Setelah santap siang, rombongan jurnalis peserta peresmian MHTC 2019 diminta naik ke atas bus. Selanjutnya dibawa ke Hotel Istana yang terletak di jantung kota Kuala Lumpur. Dari KLIA 2, jaraknya cukup jauh. Ada sekitar 2 jam perjalanan darat. Di sana sudah menunggu CEO MHTC Sherene Azli dan Chief Commercial Officer MHTC Nik Yazmin. Tanpa basa-basi, Sherene langsung menyambut dengan ramah. Senyumnya tampak lebar. Seluruh peserta disalaminya satu persatu.
"Selamat datang. Bagaimana perjalanan Anda," sapa Sherene.
Sebagai pengenalan, dia memaparkan MHTC merupakan sebuah badan yang dibentuk pemerintah Malaysia di bawah Kementerian Keuangan. Didirikan pada 2009 lalu, MHTC berupaya memfasilitasi dan mengembangkan layanan kesehatan menjadi industri pariwisata kesehatan. Mengusung brand “Malaysia Healthcare”, MHTC menargetkan Negeri Jiran sebagai tujuan utama pariwisata kesehatan dunia. Setakad ini, sudah 73 rumah sakit di Malaysia yang bekerja sama dengan MHTC. Program kerjanya diselaraskan dengan beberapa kementerian terkait. Utamanya Kementerian Kesehatan dan Kementerian Pariwisata.
"Ada dua hal yang menjadi fokus. Yakni pelayanan pengobatan dan pariwisata," terang Sherene.
Dirinya memastikan, biaya berobat di Malaysia dengan kualitas pelayanan terbaik jauh lebih murah dari beberapa negara tetangga. Sebut saja Thailand, Kamboja dan Singapura yang disebut 3 kali lebih mahal. Ia juga memastikan seluruh peralatan, tenaga medis dan fasilitas yang disediakan rumah sakit sudah memenuhi standar pengobatan internasional.
"Lantas mengapa murah?" celetuk salah seorang jurnalis yang penasaran.

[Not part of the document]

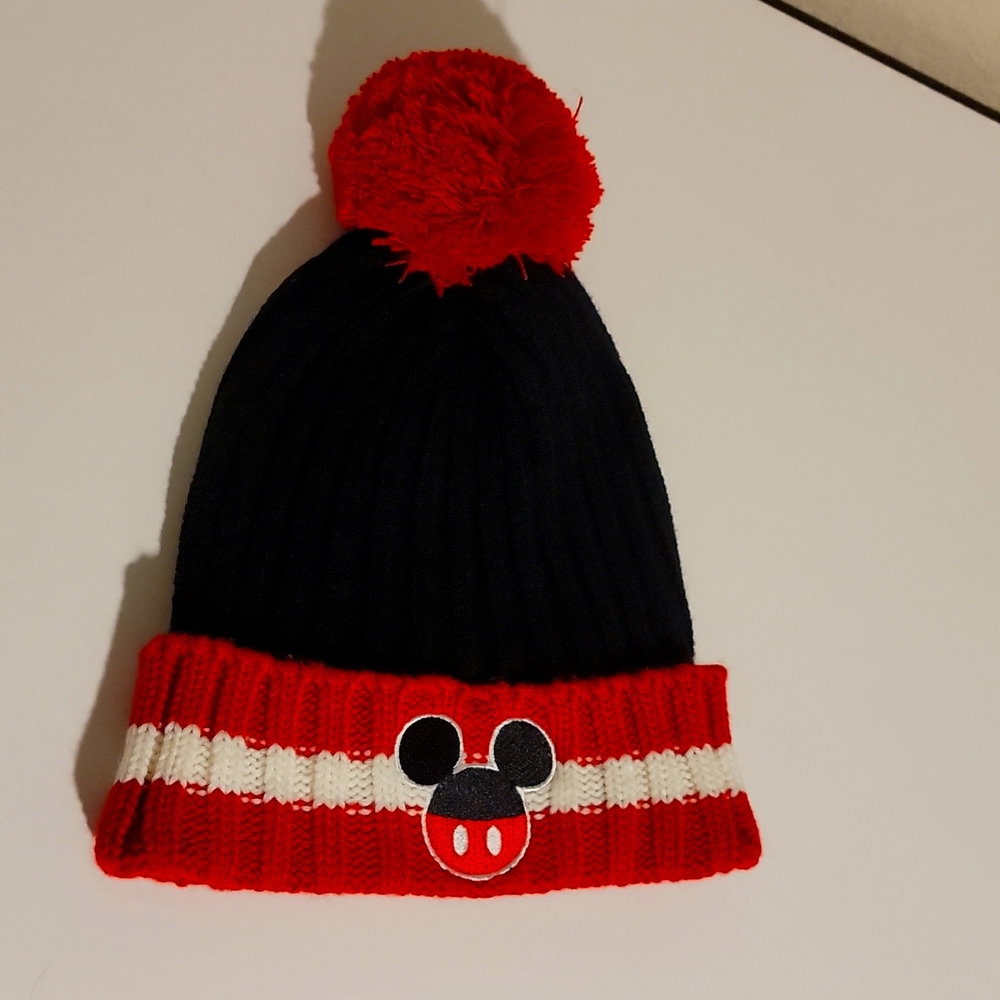 Mickey mouse beanie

Kata dia, seluruh rumah sakit yang ada di Malaysia diatur regulasinya sedemikian rupa. Bahkan mekanisme perawatan juga diatur secara ketat oleh Kementerian Kesehatan Malaysia melalui Private Healthcare and Facilities Service Act sejak 1998. Yang mengedepankan keselamatan pasien serta biaya perawatan terjangkau. Sebegitu ketat aturan tersebut. Sehingga rumah sakit swasta ataupun milik pemerintah harus ikut aturan. Karena aturan itu juga banyak dokter di Malaysia yang bekerja hanya di satu rumah sakit saja. Sehingga lebih maksimal dalam melayani pasien yang berobat.
Soal kisaran biaya berobat, ia mencontohkan untuk sebuah health screening. Mulai dari Rp1,2juta sampai dengan Rp5juta. Bahkan ada juga paket yang sudah termasuk biaya tiket pesawat, penginapan serta pengobatan. Baru-baru ini pihaknya juga menjalin kerja sama dengan aplikasi penyedia jasa perjalanan traveloka. Di mana akan ada diskon 25 persen untuk setiap hotel yang berdekatan dengan rumah sakit, jika dipesan melalui apliaksi tersebut.

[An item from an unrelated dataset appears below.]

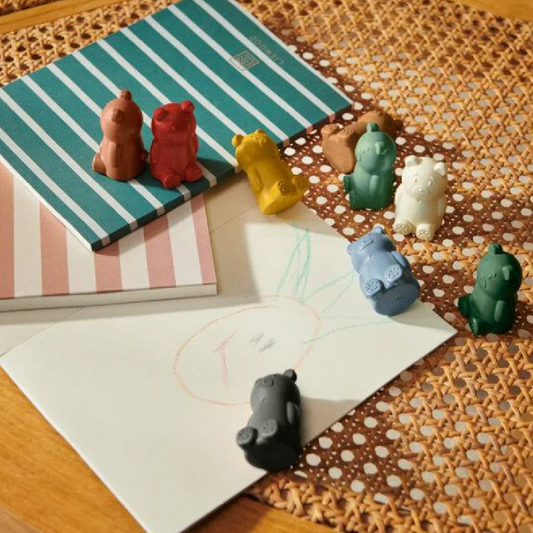 Wallace Crayons 9 Pack Yellow Mellow Multi Mix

Masih dijelaskan Sherene, MHTC melayani seluruh pasien yang ingin berobat dari berbagai negara. Khusus untuk Indonesia, MHTC memberikan jasa koordinasi serta konsultasi gratis jika ingin melakukan pengobatan di Malaysia. Caranya, calon pasien bisa menghubungi perwakilan MHTC di Jakarta melalui aplikasi WhatsApp di nomor +62 812 89710029. Setelah itu bisa langsung menyampaikan keluhan dan rencana pegobatan. Dari hasil konsultasi itu, pihak MHTC akan memberikan masukan serta rekomendasi.
"Nanti akan diberikan rekomendasi rumah sakit mana yang bagus untuk penyakit yang mau diobati. Termasuk juga lokasi penginapan atau hotel di sekitar rumah sakit, estimasi biaya yang harus dikeluarkan. Jika setuju, calon pasien bisa langsung mendaftar," imbuhnya.

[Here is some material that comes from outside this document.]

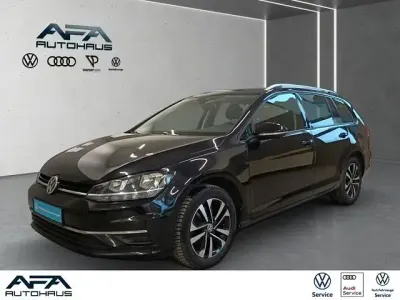 Gebraucht VW Golf VII IQ Drive 150 PS (110 kW) 2020 Schwarz Kombi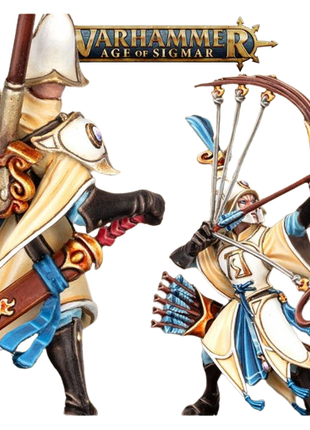 Warhammer: Age of Sigmar - Lumineth Realm Lords Vanari Aural Sentinels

Setibanya di Malaysia, pihak MTHC akan melakukan penjemputan mulai dari bandara. Hingga memberikan tuntunan selama berada di sana. Pelayanan seperti itulah yang dikembangkan pihaknya. Sehingga banyak pengunjung yang datang tidak hanya sekadar berobat, tapi juga berwisata. Dari hasil kunjungan pasien tersebut, akhirnya mendatangkan pemasukan tersendiri bagi Malaysia.
Sherene melanjutkan, reputasi Malaysia sebagai destinasi perjalanan kesehatan dibangun atas kegigihan dalam menyediakan perawatan kesehatan berkualitas kelas dunia. Dengan keunggulan mudah diakses dan terjangkau secara kompetitif, serta dihadirkan secara hangat, ramah dan bersahabat. Berkat reputasi yang kuat tersebut, lanjut Sherene, Malaysia berhasil menarik lebih dari 1,2 juta wisatawan kesehatan untuk berobat pada tahun 2018.
"Sebuah angka yang terus bertumbuh hingga saat ini," tuturnya.
Industri perjalanan kesehatan Malaysia tercatat tumbuh setiap tahunnya dengan laju pertumbuhan majemuk tahunan sebanyak 17%. Dengan total pendapatan rumah sakit mencapai RM1,5 miliar atau sekitar Rp5,5 triliun (kurs ringgit Rp3.371) pada 2018.
Sejak difokuskan, Malaysia Healthcare telah berkontribusi sebesar RM 6,4 miliar atau Rp21,6 triliun terhadap ekonomi nasional Malaysia. Dengan mengusung MyHT2020, Malaysia Healthcare menargetkan untuk berkontribusi sebesar RM 8 – 10 miliar terhadap ekonomi nasional Malaysia pada tahun 2020.